Stella Waitzkin (1920–2003) was an American installation artist known for sculptural representation of books.

Biography
Waitzkin was born New York City in 1920. She studied with the abstract expressionists Hans Hofmann and Willem de Kooning. She was the recipient of nine MacDowell fellowships from 1974 through 1984. She was a member of the Women Artists in Revolution, and a member of Art Worker's Coalition during the 1970s. She died in 2003 in New York City. Prior to her death she agreed to the formation of the Waitzkin Memorial Library Trust which then distributed her works to over sixty museums.

Her work is in the permanent collection of the Corcoran Gallery of Art, the Museum of Modern Art, the Walker Art Center as well as the National Gallery of Art, the Smithsonian American Art Museum, the University at Albany, and the Gregg Museum of Art & Design.
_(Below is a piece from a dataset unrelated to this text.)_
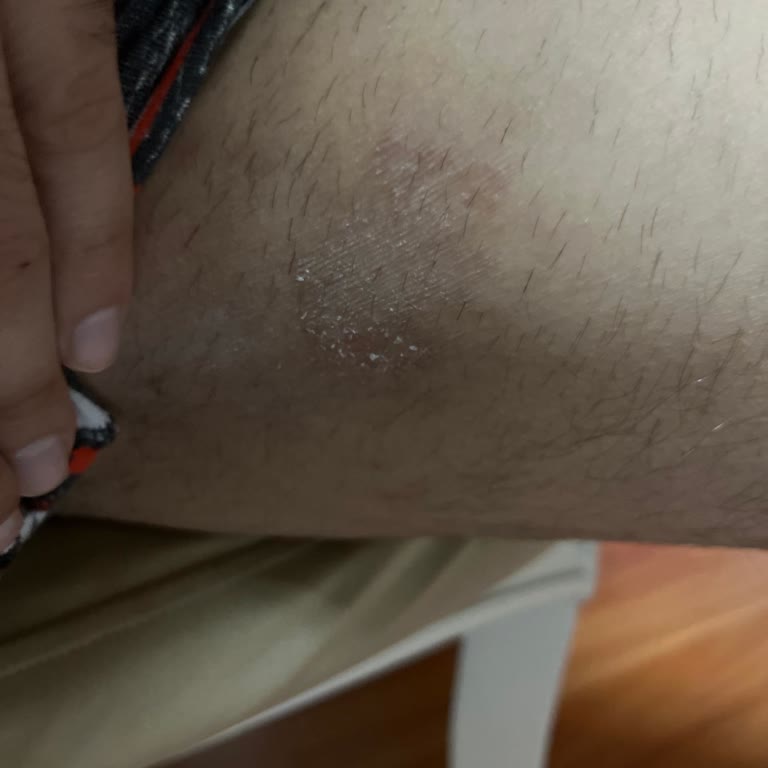 Veet Tüy Dökücü Krem Kalıcı Cilt Lekesi Ve Yanık Oluşturdu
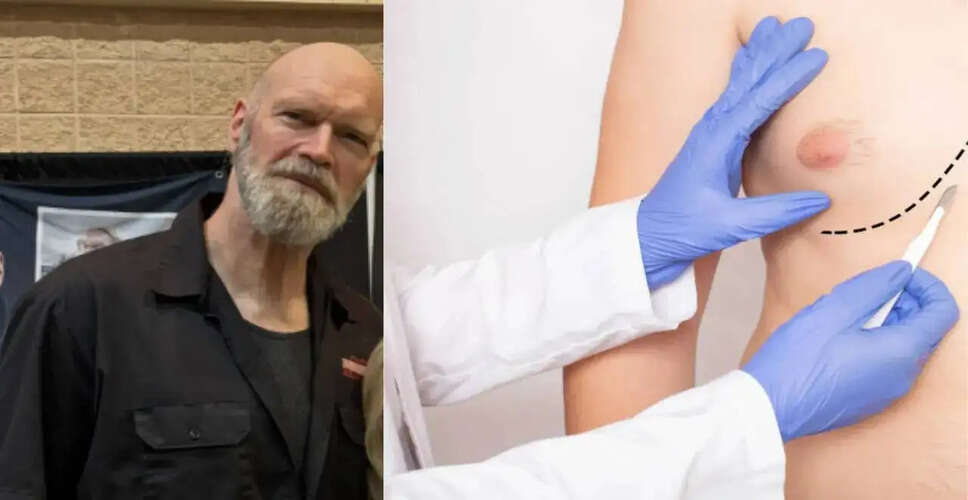 Tyler Mane's Battle with Male Breast Cancer: Raising Awareness and Encouraging Early Detection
A significant collection of her works was obtained by the John Michael Kohler Arts Center including three sculptural walls based on Waitzkin's Hotel Chelsea living room.

Works
Waitzkin focused on the objecthood of books as works of art, much like ancient scrolls and illuminated manuscripts. Starting in the mid-1960s, she started to make hundreds of sculptures in cast polyester resin, molded in the form of books. The John Michael Kohler Arts Center in Sheboygan, Wisconsin holds over 700 individual pieces of Stella Waitzkin's works. 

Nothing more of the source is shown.